** Opening DATA SHOWN block **

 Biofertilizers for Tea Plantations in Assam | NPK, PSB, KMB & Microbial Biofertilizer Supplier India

** Closing DATA SHOWN block **
** Opening DATA SHOWN block **

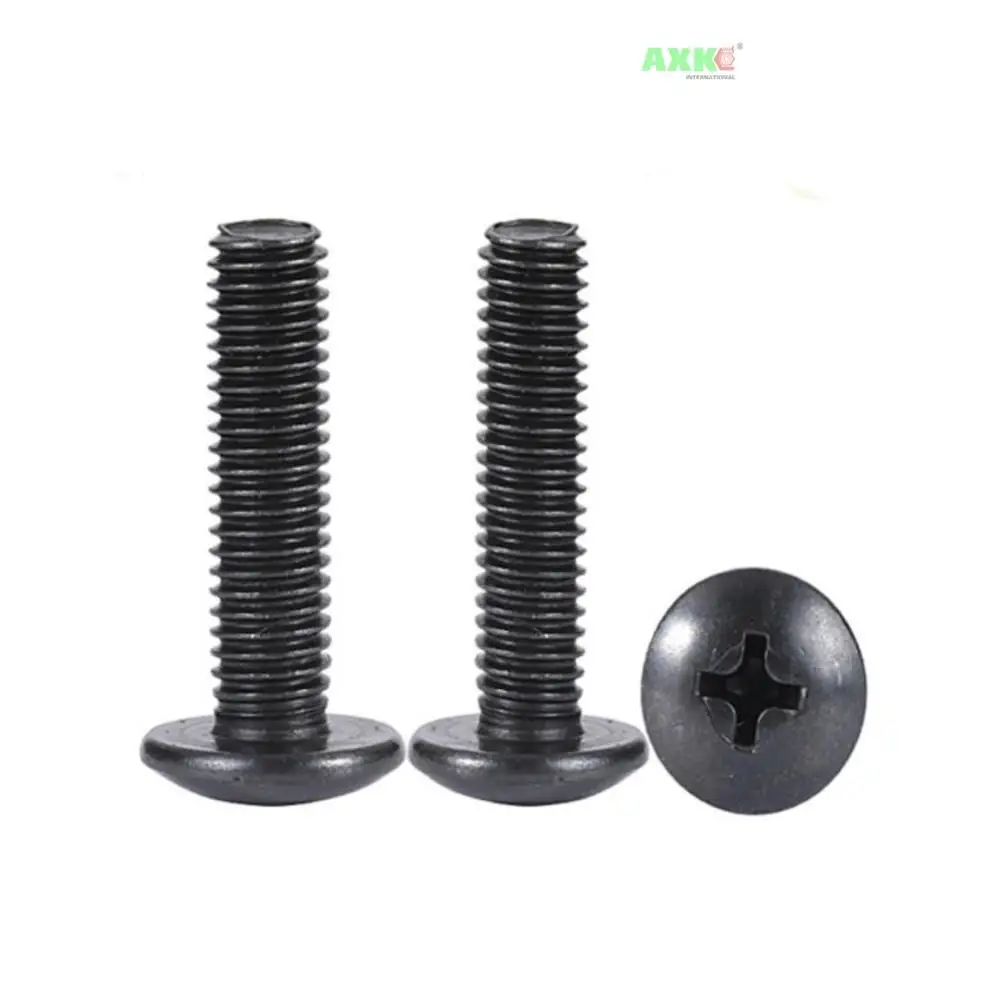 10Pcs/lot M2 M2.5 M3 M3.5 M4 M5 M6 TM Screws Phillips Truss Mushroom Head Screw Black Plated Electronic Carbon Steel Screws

** Closing DATA SHOWN block **
** Opening DATA SHOWN block **

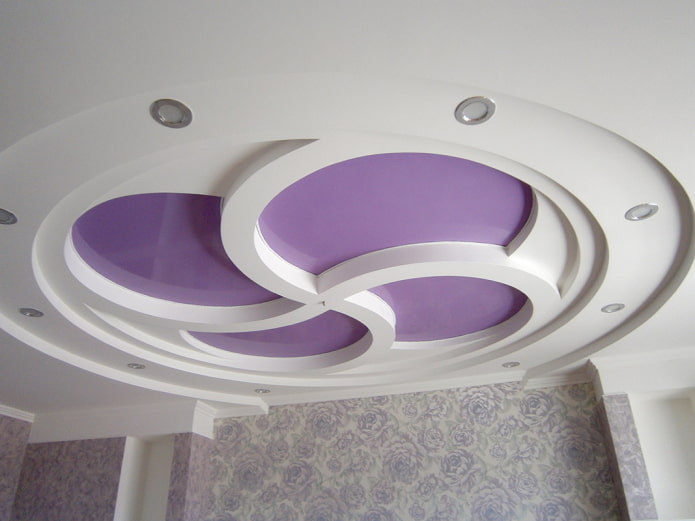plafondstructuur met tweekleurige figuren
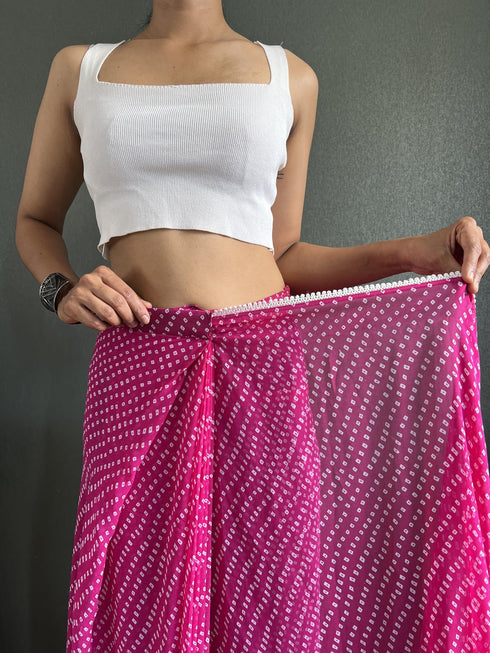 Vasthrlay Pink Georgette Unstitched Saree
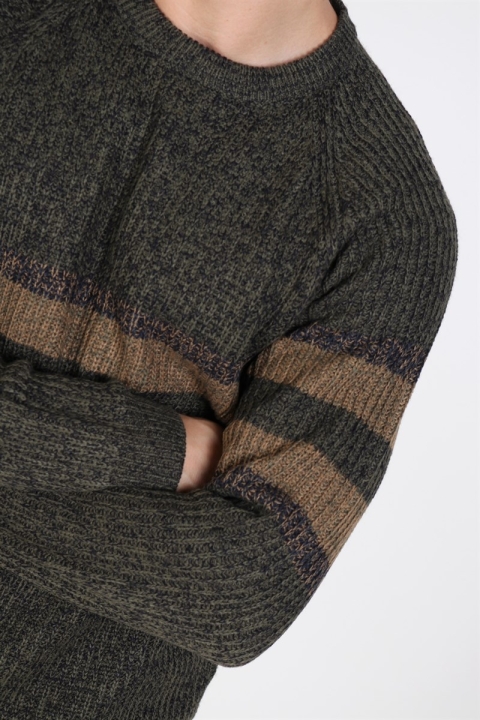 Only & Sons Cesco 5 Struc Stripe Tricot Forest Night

** Closing DATA SHOWN block **

## TASK TO COMPLETE
In the records above, find the line with "plafondstructuur met tweekleurige figuren". Print exactly from there through the line with "Only & Sons", minus the pictures.

## REPLY
plafondstructuur met tweekleurige figuren
 Vasthrlay Pink Georgette Unstitched Saree
 Only & Sons Cesco 5 Struc Stripe Tricot Forest Night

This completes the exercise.